▸ Problem details
Exact copy, no pictures: return only the lines below from the line with "Sergio Bonelli Legends" up to and including the line with "I Will Become".

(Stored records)
++++++
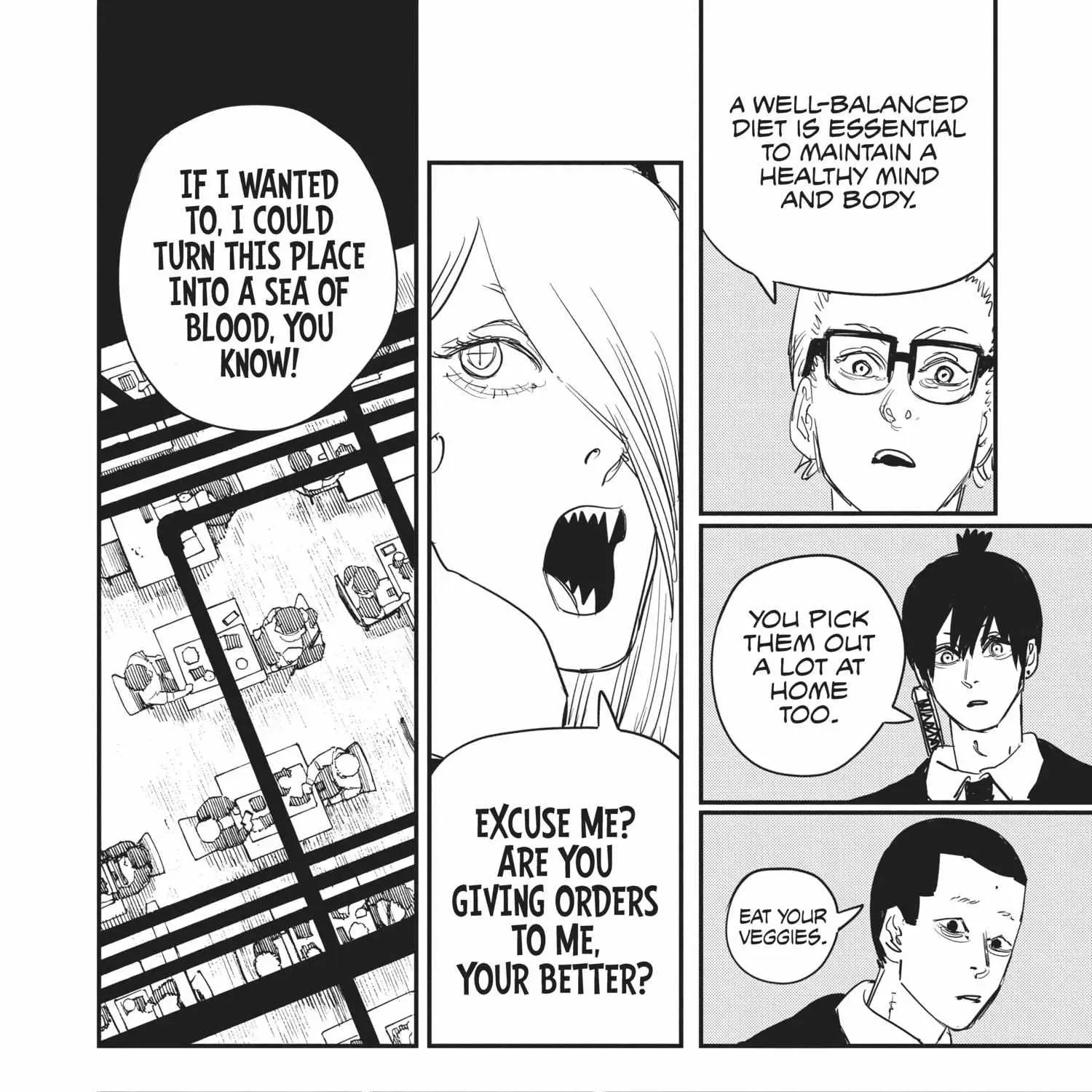 Read Chainsaw Man EN Manga Online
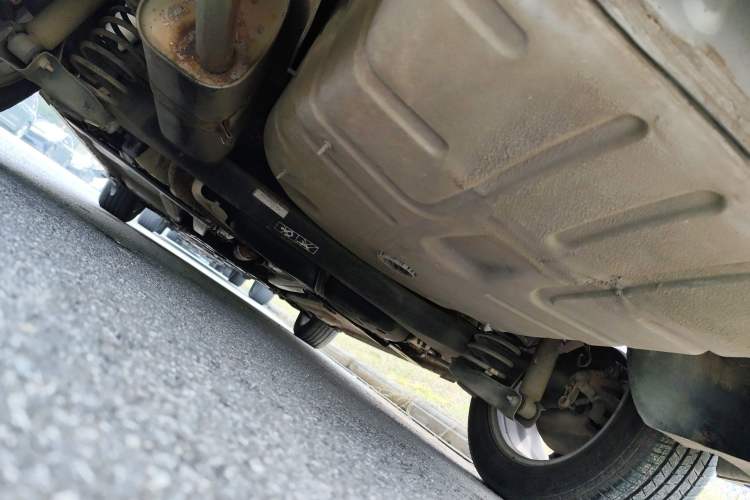 Used Peugeot 308 2013 1.6L Manual YouShang Model Chassis Rear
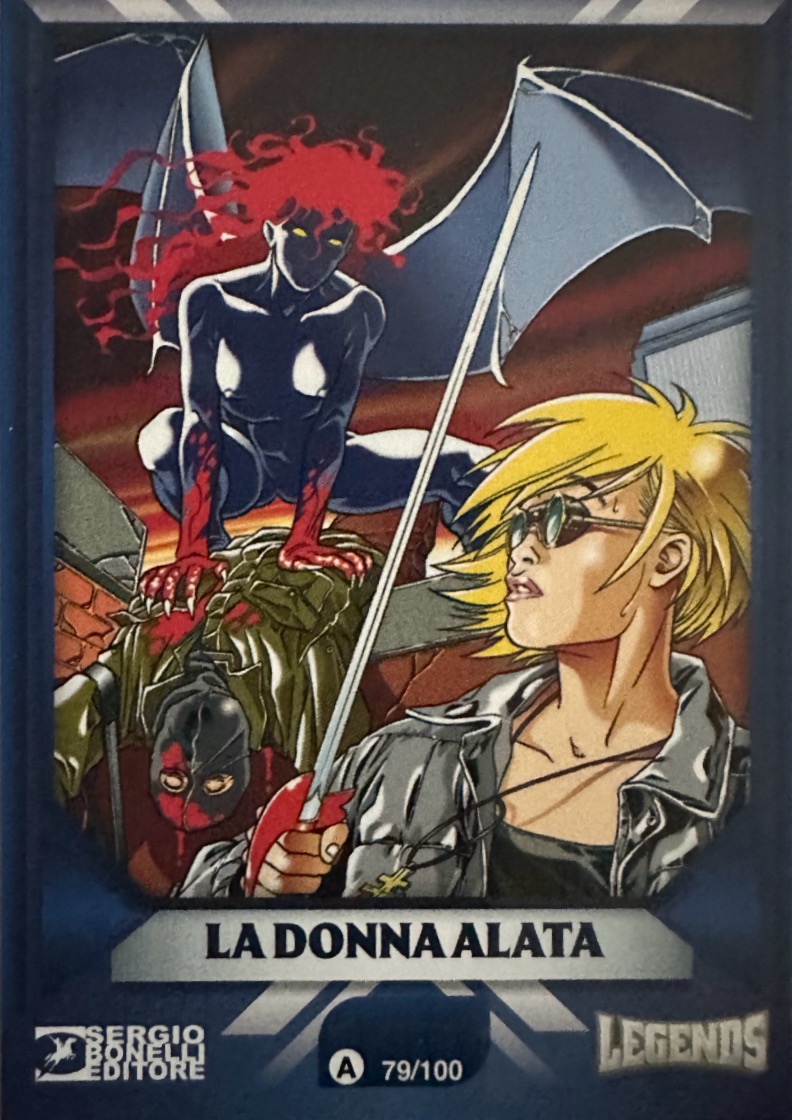 Sergio Bonelli Legends Gedis Mancolista Card Blu - Scegli da 1 a 100 - Picture 80 of 101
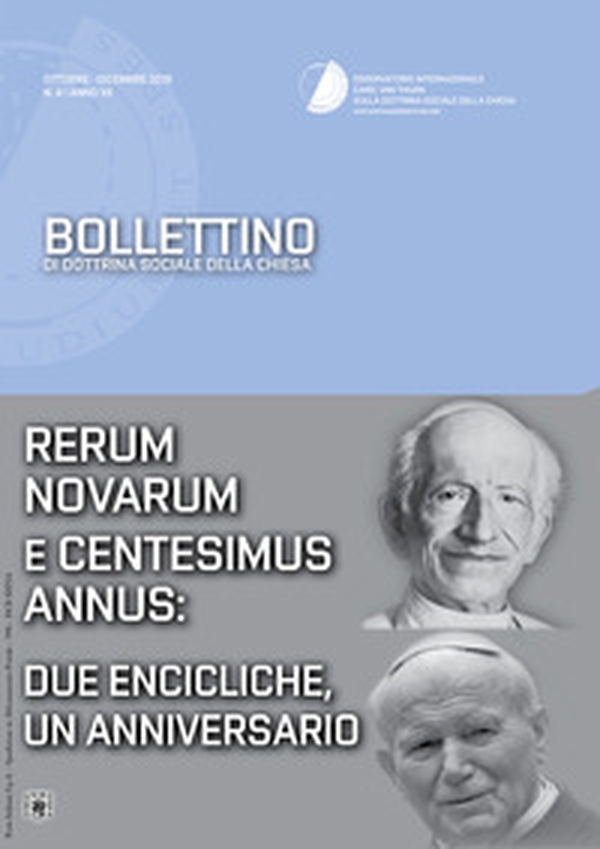 Bollettino di dottrina sociale della chiesa - Librerie.coop Bollettino di dottrina sociale della chiesa - Librerie.coop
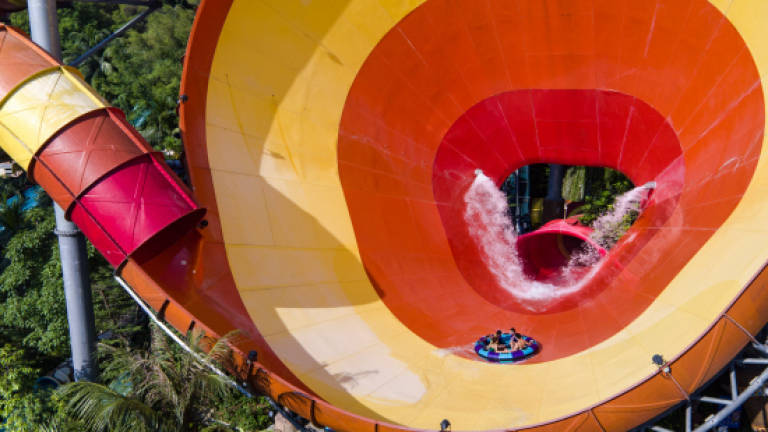 Sunway Lagoon's rides of a lifetime Sunway Lagoon's rides of a lifetime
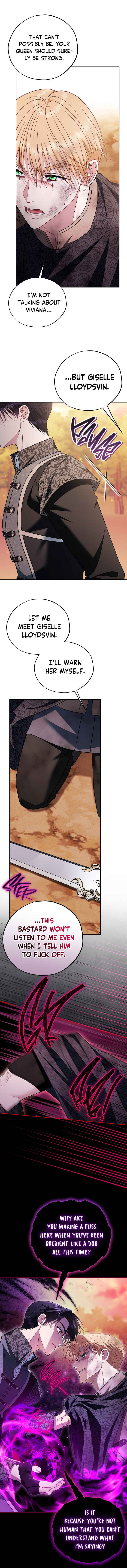 I Will Become the Villain's Poison Taster Chapter 75 - Page 13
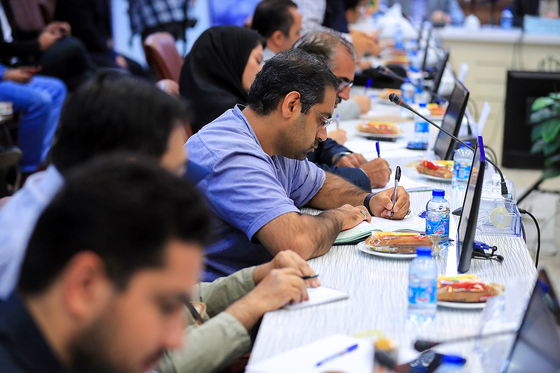 نشست خبری رییس کل دادگستری خراسان رضوی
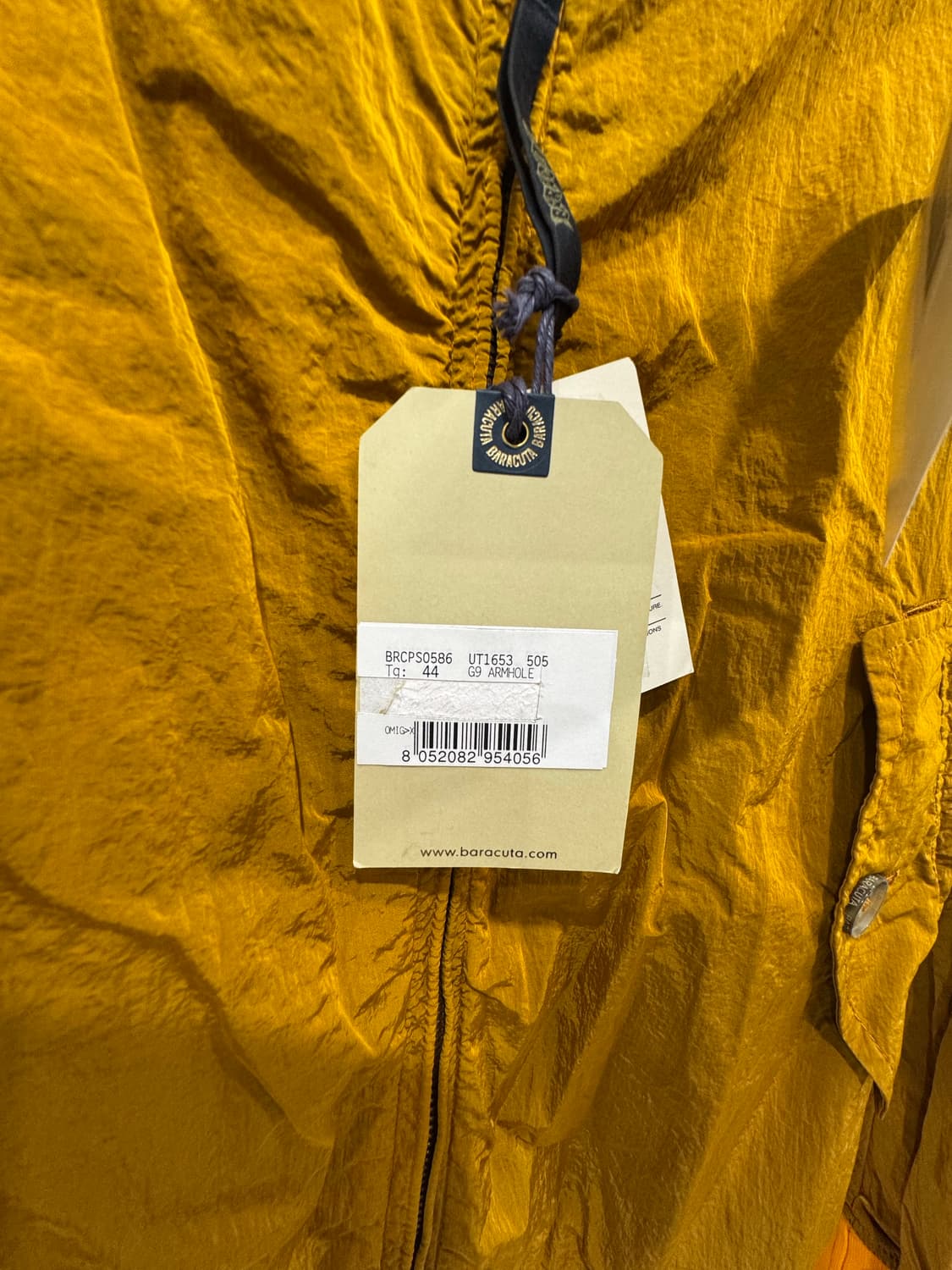 바라쿠타 g9 메탈소재 자켓 상품이미지3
++++++
▸ Solution
 Sergio Bonelli Legends Gedis Mancolista Card Blu - Scegli da 1 a 100 - Picture 80 of 101
 Bollettino di dottrina sociale della chiesa - Librerie.coop Bollettino di dottrina sociale della chiesa - Librerie.coop
 Sunway Lagoon's rides of a lifetime Sunway Lagoon's rides of a lifetime
 I Will Become the Villain's Poison Taster Chapter 75 - Page 13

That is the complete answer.